The use of Radio Frequency Identification (RFID) technology by IT managers to manage their data center assets, like servers and routers, is gaining adoption, said Jonathan Collins, UK-based principal analyst with the RFID & contactless group at ABI Research.
Maintaining inventories of data center hardware is often a manual, long-winded task that can result in inaccuracies, said Collins. "There's a manpower cost there," he said. "They need to walk around and check these things, and enter this in the database."
With RFID technology, Collins said employees could simply walk around the data center with handheld RFID readers and determine what's present and what's missing. But while eliminating a manual process is a savings on employee time that could be best applied elsewhere, Collins said RFID technology can also ensure inventory accuracy, which is a point of sensitivity for certain industries like financial services that need to ensure certain audit capabilities of their IT infrastructure. "If a bank can't find one of its servers, there are regulatory obligations around being able to retrieve that data," he said.
Regulatory compliance aside, IT managers who lease hardware would benefit from the accuracy of RFID-driven asset management, said Collins, because they can trim costs by better identifying which equipment is actually being used and which is lying around gathering dust.
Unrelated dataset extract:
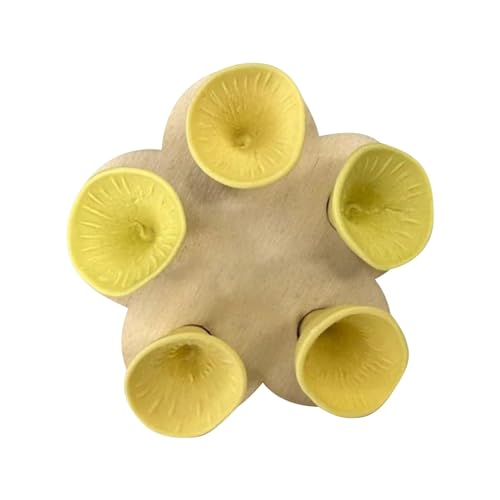 5pc Bienen Insekten Trinkbecher， Bee Insect Drinking Bee Cups für Bienen Trinken Insect Feeder Bienenbecher Bienen Brauchen Sichere Trinkplätze (Yellow) von XehCaol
According to ABI Research, IT asset tracking may only currently encompass a mere fraction of a per cent of the worldwide RFID asset tracking market, but that figure will grow to more than 10 per cent by the end of 2013.
IT managers can use passive or active RFID technology to implement RFID asset tracking in their data center. With passive RFID, for instance, staff can use handheld readers to read tags placed on hardware that needs to be tracked. Also, readers can be placed above entrances leading from the data center so that hardware leaving the premises can be identified. Introducing RFID in the data center is certainly "relatively easy compared to a retail supply chain" where a heavier reader infrastructure is required, said Collins.
The cost of passive and active RFID tags is about US$1.31 and $10 each, respectively.
"Compared to the sum spent on the hardware itself and the data sitting on it," said Collins, "there's quite a good chance of ROI in a year and even 18 months."